Records shown

- Opening Delimiter -

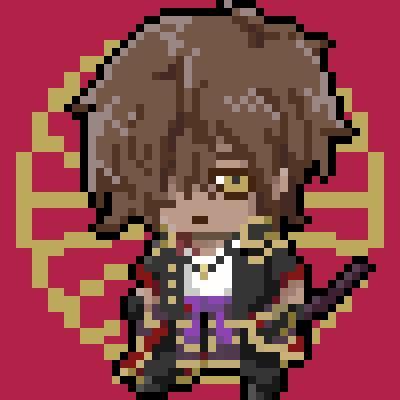 れないさんのプロフィール画像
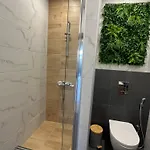 & Traky, Saint Vlas, улица черно море 12 Appartement Sveti Vlas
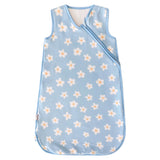 Sleep Bag - Della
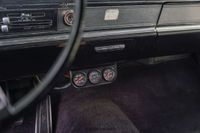 1967 Buick Wildcat Supercharged for sale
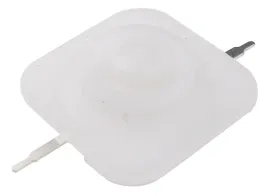 przelacznik-2-piny-po-bokach-on-off-1a-30v-2658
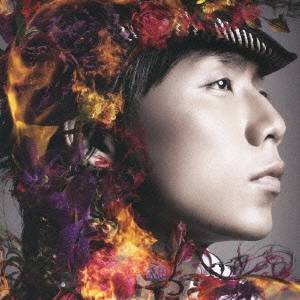 商品種別CD発売日2010/01/20ご注文前に、必ずお届け日詳細等をご確認下さい。関連ジャンル邦楽ポップスアーティスト施鐘泰(JONTE)収録内容Disc.101. Can I be the one (4:33) 02. She is (3:46) 03. 花信 (4:04) 04. 聞こえますか？ (4:05) 05. 君のそばへ (4:10) 06. 逢いたい (3:52) 07. いけないの？ (4:23) 08. 君に逢える日 (4:04) 09. Flower M (4:14) 10. 因縁 (4:07) 11. A moment to remember (4:00) 12. I Believe (4:56)商品概要JONTEが、第二のふるさとである韓国のドラマや映画の主題歌をカヴァーしたアルバム。TX系韓国ドラマ『シンデレラマン』エンディング・テーマ「Can I be the one」他を収録。日本語で歌ったナンバーと韓国語で歌ったナンバーがあり、一枚で二倍おいしく楽しめる、彼ならではの渾身作です。商品番号RZCD-46481販売元エイベックス・マーケティング組枚数1枚組収録時間50分 _音楽ソフト _邦楽_ポップス _CD _エイベックス・マーケティング 登録日：2012/10/24 発売日：2010/01/20 締切日：2009/12/07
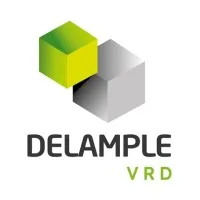 DELAMPLE VRD
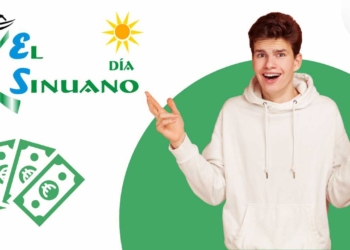 sinuano dia numero ganador quinta balota resultado oficial sorteo premio chance loteria hoy colombia secos aproximaciones cifras fraccion billete colilla dinero plata serie mayor su red super giros tabla lotero baloteras balotas reval paga todo reclamar tiendas puntos venta consulta online aplicaciones app horarios juego coljuegos corredor empresarial apuestas permanentes cordoba lunes 6 abril 2026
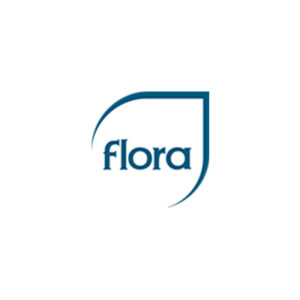 12_Flora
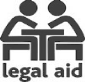 legalaidgrey1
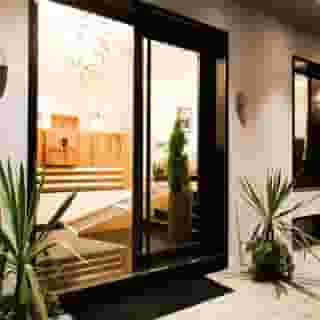 Smarts Hotel, 4 of 5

- Closing Delimiter -

What is being asked
Nothing but the lines above from the line with "1967 Buick Wildcat Supercharged for sale" up to and including the line with "DELAMPLE VRD" should be returned, exactly as written and without pictures.

Result of the task
 1967 Buick Wildcat Supercharged for sale
 przelacznik-2-piny-po-bokach-on-off-1a-30v-2658
 商品種別CD発売日2010/01/20ご注文前に、必ずお届け日詳細等をご確認下さい。関連ジャンル邦楽ポップスアーティスト施鐘泰(JONTE)収録内容Disc.101. Can I be the one (4:33) 02. She is (3:46) 03. 花信 (4:04) 04. 聞こえますか？ (4:05) 05. 君のそばへ (4:10) 06. 逢いたい (3:52) 07. いけないの？ (4:23) 08. 君に逢える日 (4:04) 09. Flower M (4:14) 10. 因縁 (4:07) 11. A moment to remember (4:00) 12. I Believe (4:56)商品概要JONTEが、第二のふるさとである韓国のドラマや映画の主題歌をカヴァーしたアルバム。TX系韓国ドラマ『シンデレラマン』エンディング・テーマ「Can I be the one」他を収録。日本語で歌ったナンバーと韓国語で歌ったナンバーがあり、一枚で二倍おいしく楽しめる、彼ならではの渾身作です。商品番号RZCD-46481販売元エイベックス・マーケティング組枚数1枚組収録時間50分 _音楽ソフト _邦楽_ポップス _CD _エイベックス・マーケティング 登録日：2012/10/24 発売日：2010/01/20 締切日：2009/12/07
 DELAMPLE VRD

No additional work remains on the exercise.